İşçi sınıfı: Fabrikalarda ve endüstriyel atölyelerde çalışmaktadır ve ülkede sanayinin gelişmesinde büyük etkisi vardır.
Kentsel orta sınıf: Okul ve üniversite profesörlerini, devlet görevlilerini ve çalışanlarını, aydın grupları, sivil aktivistleri, tüccarları, esnafları, sanayicileri vb. içerir.
Din adamları: Afganistan’da din adamları yüksek bir konuma sahiptir ve bu kişiler camilerde ve okullarda öğretmenlik yapmaktadırlar ve ayrıca dini ve adli işlerde önemli rol almaktadır.
Genel olarak bakıldığında, Afganistan’ın geleneksel bir sosyal yapıya sahip olduğu ve geleneksel grupların çoğunun kendilerini İslami şeriat kurallarına bağlı olarak gördükleri ve bir dizi örf, adet, geleneksel yöntem ve kabul görmüş ritüellere sahip oldukları söylenebilir. Bu grupların ana unsurları; muhafazakârlar, din alimleri, kabile alimleri ve kabile reislerinden oluşmaktadır aynı zamanda iktidarda önemli rol oynamaktadır. Geleneksel gruplar arasındaki aile ilişkilerinin çok derin olmasından dolayı bazı yerlerde aile üyelerinin; dede, nine ve tüm erkek kardeşler ve aile bireyleri aynı evde veya aynı mahallede yaşarlar. Bu gruplar arasındaki aile sistemi erkek merkezli sisteme dayanmaktadır. Ev işlerinde kadının, dış işlerde ve köy çevresinde ailenin merkezini baba ve dedenin, kabile çevresinde ise toplumun merkezini Malik ve Han oluşturmaktadır. Evlilikler geleneksel şekilde ve her iki tarafın ailelerinin anlaşması ile yapılır ve yakın akrabalar ile etnik veya grup içi evliliklere daha fazla önem verilir.
Afganistan’daki kabile yaşam sistemini anlatan Jirga, kökeni eskiye dayanan bir gelenektir. Özellikle Peştun ve göçebe bölgelerinde popüler bir yöntem olarak kabul edilir. Peştunlar, Jirga aracılığıyla aşiretin iç işlerini, sosyal ve ailevi sorunlarını büyüklerin, köy liderlerinin ve din bilginlerinin tavsiyeleriyle inceler ve çözerler. Jirga, kabile üyelerinin katılımıyla gerçekleşen bir süreçtir ve toplumsal kararların alınmasında önemli bir rol oynar.

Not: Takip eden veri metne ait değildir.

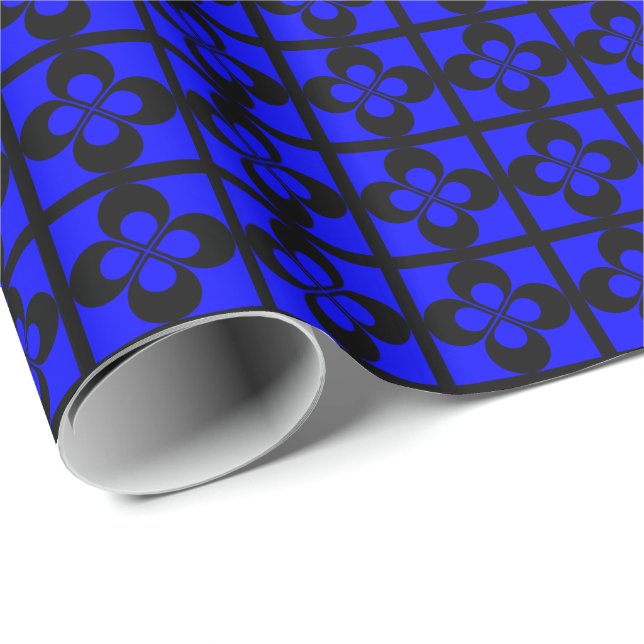 Svart geometriskt blommönster på blå presentpapper (Rullad Hörn)
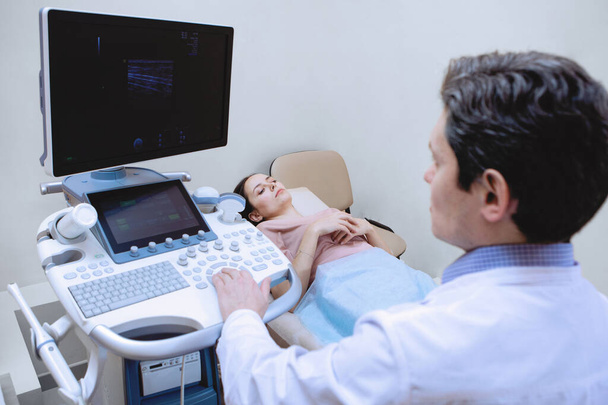 足の超音波検査.医者は若い女性の血管をスキャンします。カウチ、モニターと信号センサーを備えた近代的な装置、医療クリニック. - 写真・画像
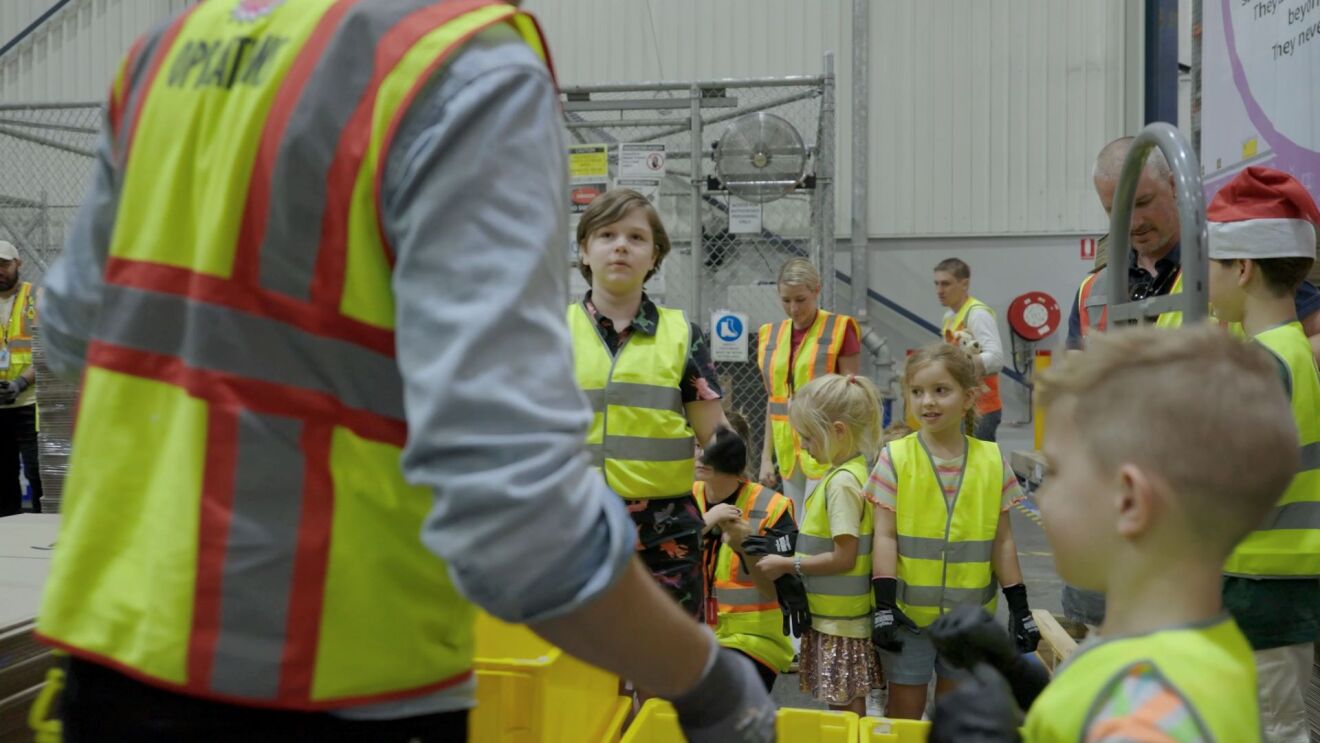 a boy is looking at the man explaining something in Amazon fulfillment centre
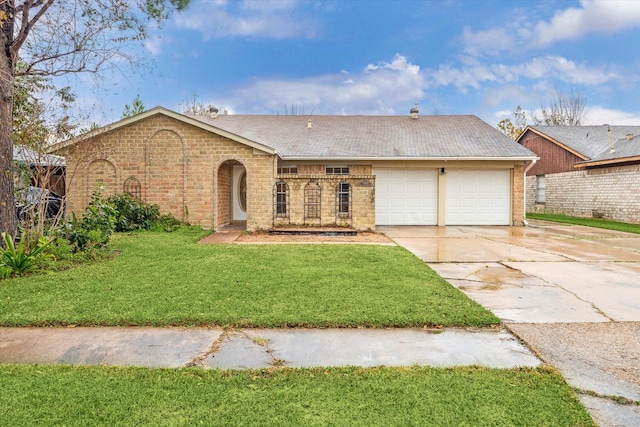 ranch-style home featuring a garage and a front lawn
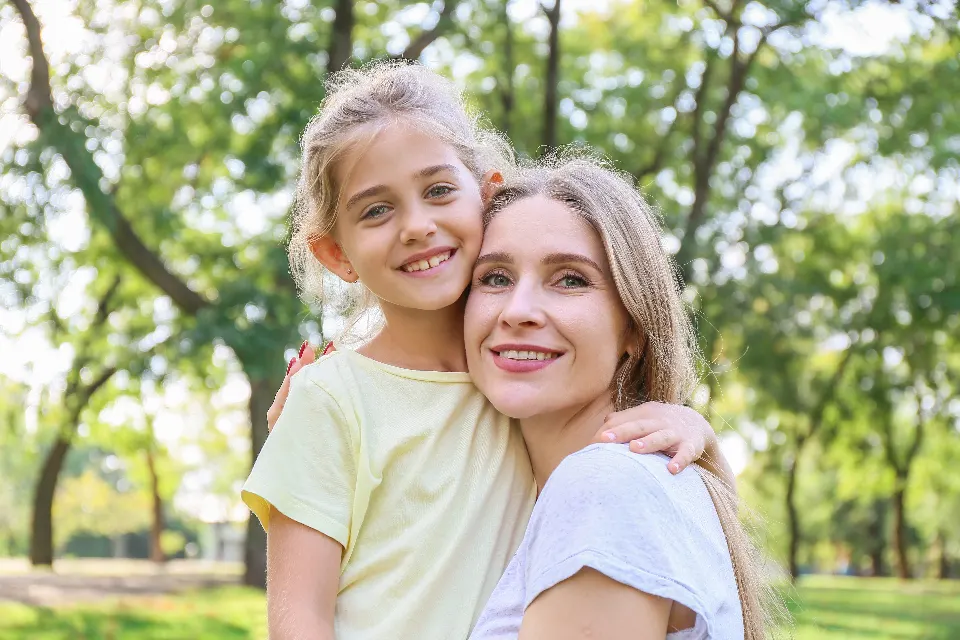 Mamá e hija abrazadas y sonriendo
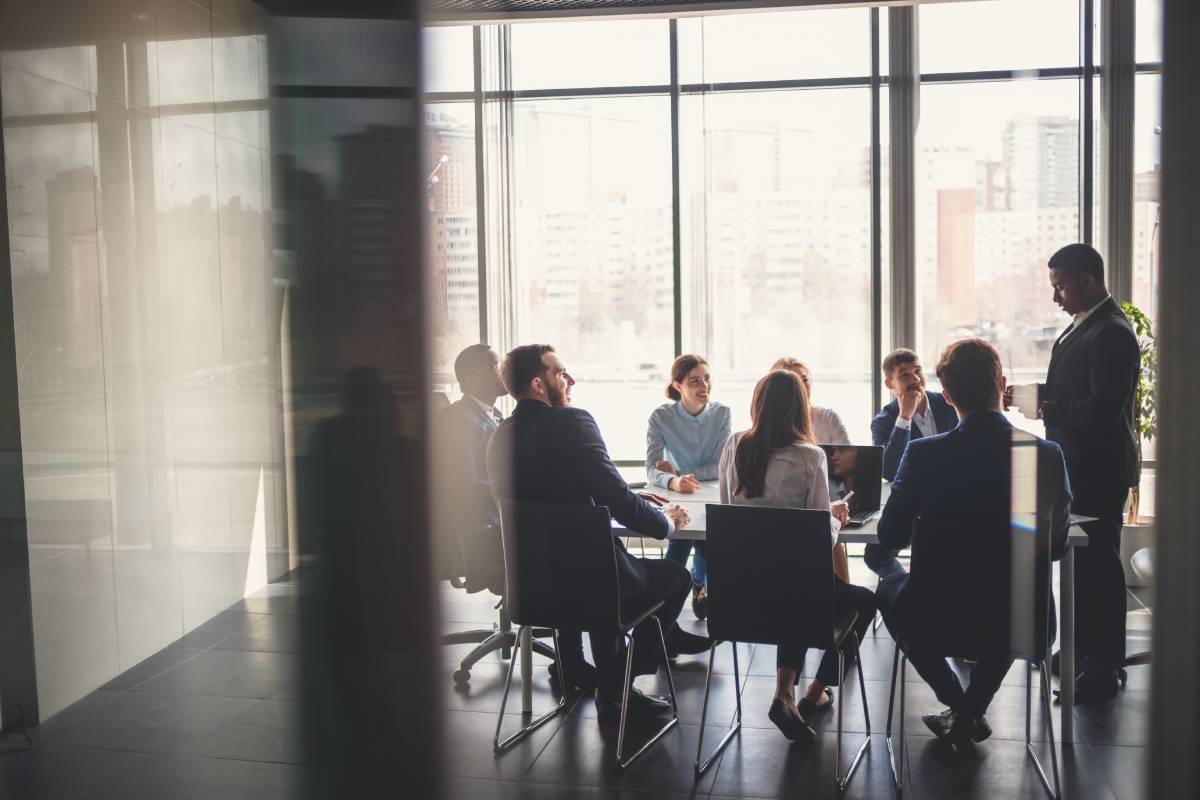 Conference Room Full Of Investors Listening To An M&A Advisor Speak
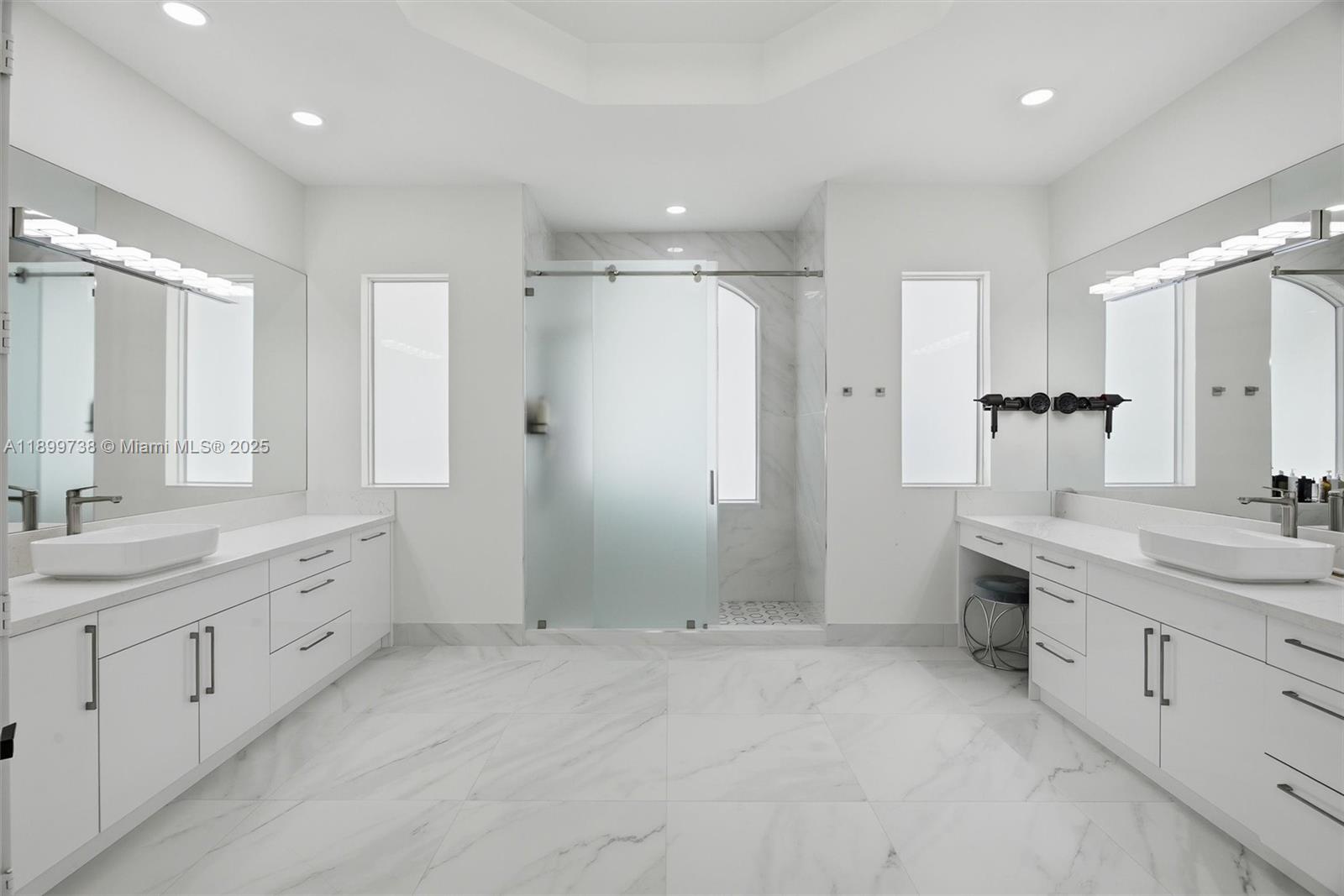 3526 Juniper Lane Davie, FL 33330 - Photo 31 of 79 a large bathroom with a granite countertop sink mirror and a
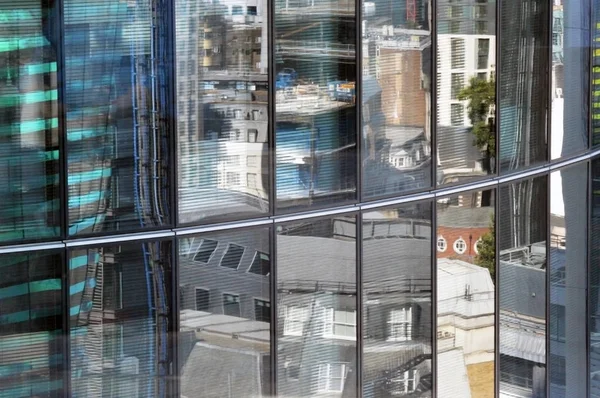 Blurry reflections of buildings on modern glass facade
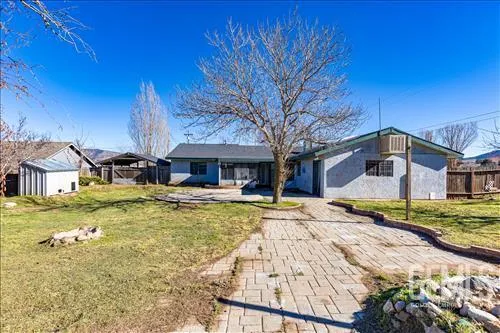 a view of empty room with wooden ceiling
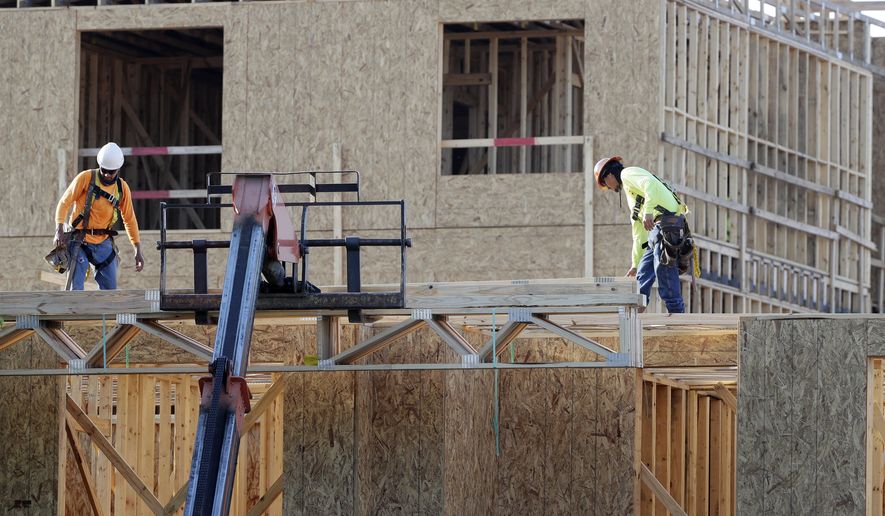 In this July 12, 2017, photo, construction workers build a residential complex in Nashville, Tenn. The U.S. economy grew at a 3.2 percent annual rate from July through September, slightly slower than previously estimated but still enough to give the country the best back-to-back quarterly growth rates in three years. (AP Photo/Mark Humphrey)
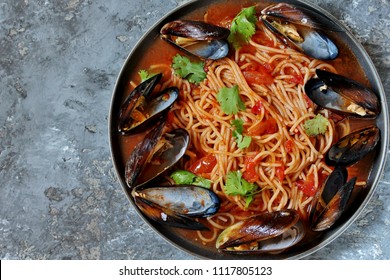 Pasta Spaghetti With Mussels, Tomato Sauce. Sea Food Meal. Mussels Marinara. Typical Dish Of Italian Pasta.  Top View.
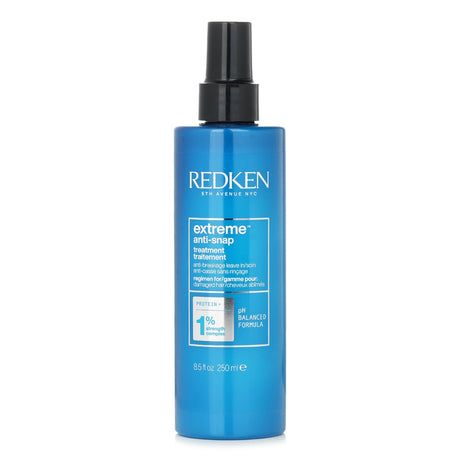 Redken Extreme Anti-Snap Leave-In Treatment for damaged hair, enriched with amino acids, provides strength, smoothness, and heat protection.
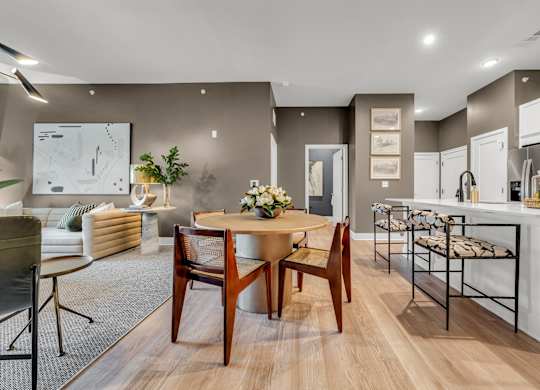 A modern dining room with a wooden table and chairs at Luxe 360 on Centerpointe Apartments, Virginia, 23114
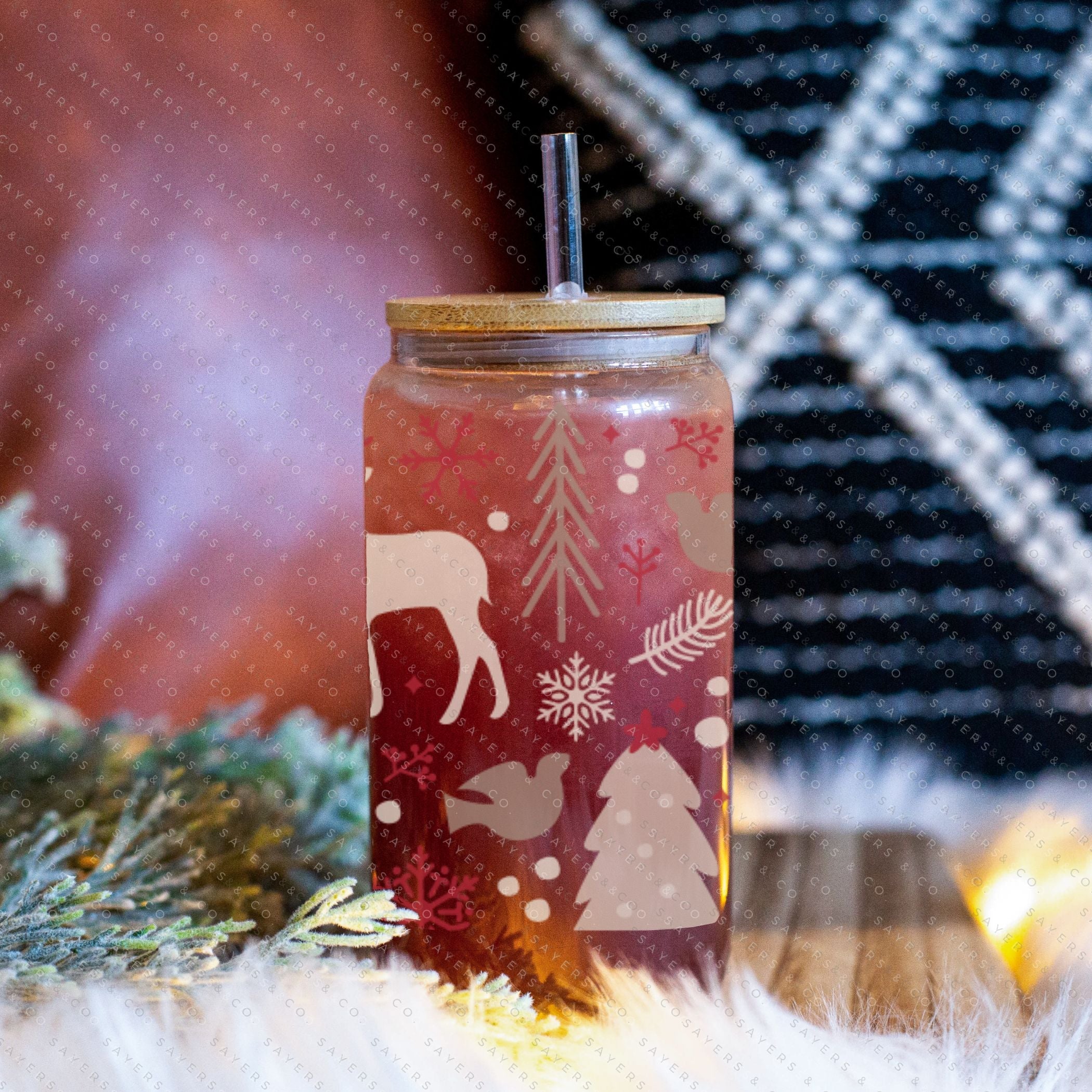 16oz Winter Magic Glass Cup with Bamboo Lid and Straw, featuring winter-themed designs and a clear glass finish.
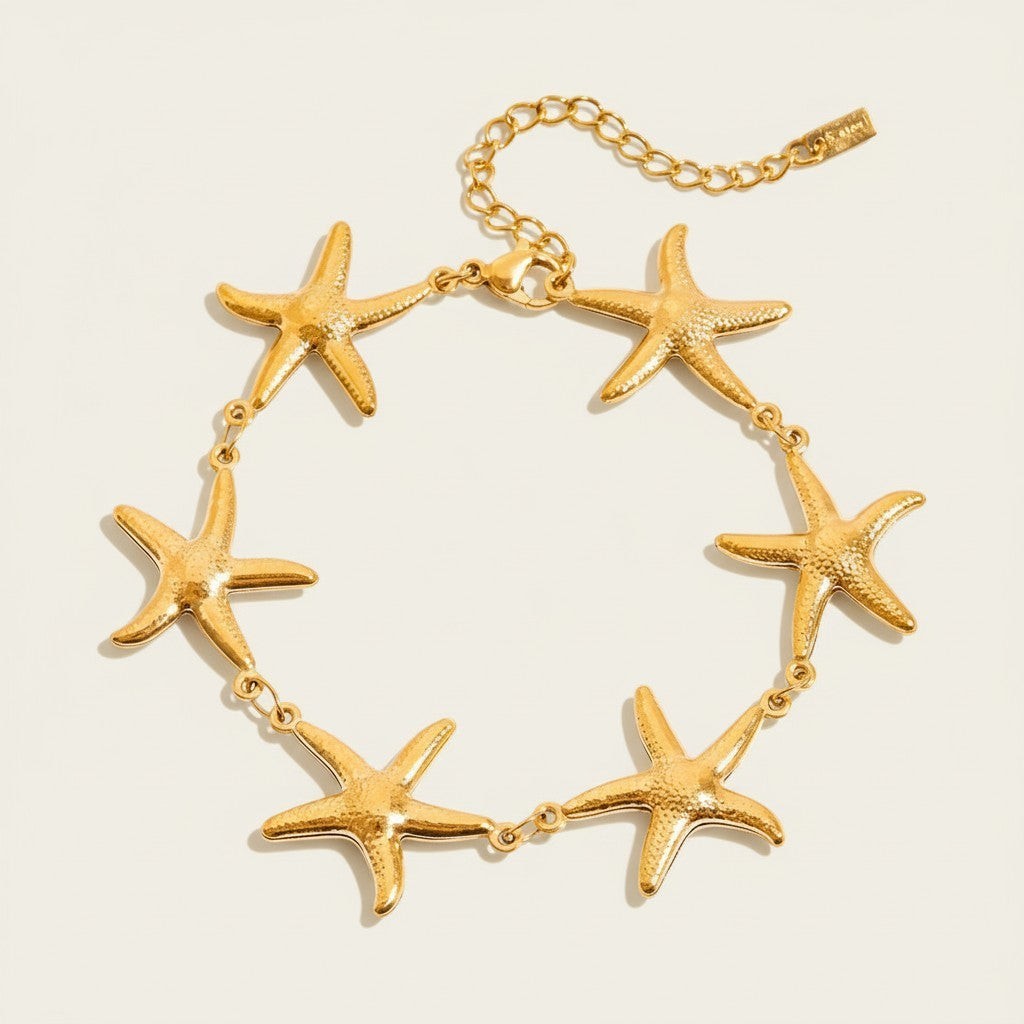 Seraphina Treasures gold-tone bracelet with multiple starfish charms, perfect for beachwear.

Halkın Yöresel Kıyafetleri
Ulusal bir kimlik ve Afganistan’daki en belirgin etnik tezahürlerden biri olan yerel kostümler, bu ülkenin toplumunun sosyal kimliğini korumada önemli bir rol oynamıştır, farklı etnik gruplarının; kültürel, ahlaki, manevi değerleri ve kriterleri ile derin bir bağı vardır. Afganistan’da geleneksel ve ulusal giyinme ile günlük ve normal giyinme olmak üzere iki farklı giyinme tarzı vardır. Geleneksel kıyafetler daha çok kutlamalarda ve çeşitli çevrelerde kullanılırken günlük ve normal kıyafetler ise günlük yaşamda ve iş hayatında kullanılmaktadır.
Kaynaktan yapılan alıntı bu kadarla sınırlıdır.